By Lucas Vader
The Surface Creek Animal Shelter plans to go green later this month with the installation of solar panels. It will do this with the help of a nonprofit organization called RE-volv, which acts as the middleman for solar companies and nonprofit organizations which would like to install solar power.
The shelter’s solar power setup will be through Empowered Energy Systems LLC out of Hotchkiss, Animal Shelter President Bruce Joss explained. The installation of the solar panels, which is a cost of several thousand dollars, is covered by RE-volv’s financing resources. In turn, RE-volv will own, manage and maintain the shelter’s system.
“Because the system they’re going to install on the shelter — I think it has 17 panels — I can’t give you an exact number, but that’s a $20,000 plus installation,” Joss said. “If we were to do this ourselves — we being the shelter — we would have to come up with that $20,000 plus.” In that case, the shelter would own and manage the solar power equipment.
However, with RE-volv’s deal, the installation will cost the animal shelter no money up front and RE-volv will own and manage the system. As the solar setup generates power, the shelter will buy that power from RE-volv at a reduced rate as long as RE-volv continues to own the equipment.

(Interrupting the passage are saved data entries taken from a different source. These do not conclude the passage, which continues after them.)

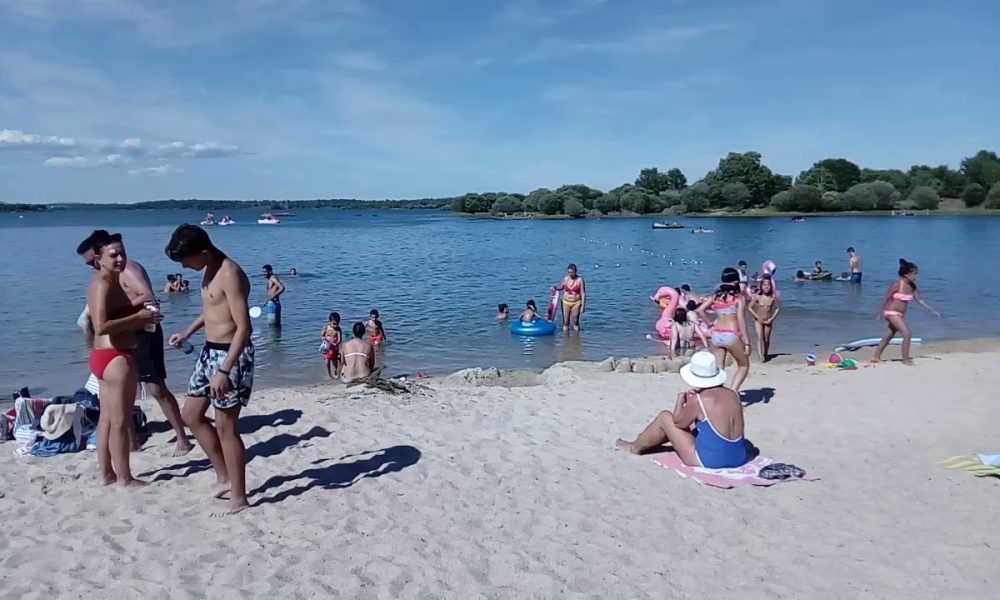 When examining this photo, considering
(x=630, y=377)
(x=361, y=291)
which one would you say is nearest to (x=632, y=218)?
(x=361, y=291)

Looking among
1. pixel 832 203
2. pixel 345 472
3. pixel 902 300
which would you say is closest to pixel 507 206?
pixel 832 203

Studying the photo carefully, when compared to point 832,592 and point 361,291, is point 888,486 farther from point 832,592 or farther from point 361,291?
point 361,291

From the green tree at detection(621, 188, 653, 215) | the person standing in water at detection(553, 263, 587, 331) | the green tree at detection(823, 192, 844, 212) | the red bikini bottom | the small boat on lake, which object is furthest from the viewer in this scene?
the green tree at detection(621, 188, 653, 215)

The deal comes with multiple opportunities for the shelter to buy the equipment from RE-volv over the next 20 years, at which point, the shelter would no longer be buying solar energy from RE-volv. Joss said, since RE-volv will manage the system as long as it owns in, he doesn’t foresee a time when the shelter would buy the equipment.
After the installation of the solar panels, the shelter will continue to use DMEA as backup power during peak times when the solar panels can’t produce enough power. Of course, the solar panels will shrink the shelter’s DMEA bill, as it will act as the primary power source.
The deal between the Surface Creek Animal Shelter and RE-volv began after Joss reached out to RE-volv Senior Solar Account Manager Mark Matos, based out of San Fransisco, California. Matos sent back a proposal based off Joss’ information on the shelter.
Matos’ proposal gave the terms of the system, which would allegedly produce 8,173 kWh annually, which is a 101% offset. RE-volv would sell this energy to the shelter for $0.117 per kilowatt-hour and proposed $60 savings in the first year. RE-volv will also cover all warranties, operations and maintenance.
The solar setup Matos proposed to Joss would allegedly have a lifetime electricity savings “upwards of $12,000” and a lifetime carbon dioxide offset of 296,000 pounds. The proposal compared this offset to planting 2,200 tree seedlings or taking 5,900 cars off the road.
“We believe in a world where all people are thriving in communities powered by clean energy,” the proposal concluded, while listing benefits of saving money and protecting the environment.
RE-volv claimed to have signed solar leases with 25 nonprofits in eight states, accounting for 316 kW of installed capacity.
“This will eliminate over 14 million pounds of CO2 in the atmosphere,” the proposal said.
Now, Empowered Energy Systems, LLC, is scheduled to perform the installation beginning on April 21 and it estimates it will take two to three days. Surface Creek Animal Shelter will then go forward leasing the system from RE-volv, paying less and making less of a carbon footprint in the world.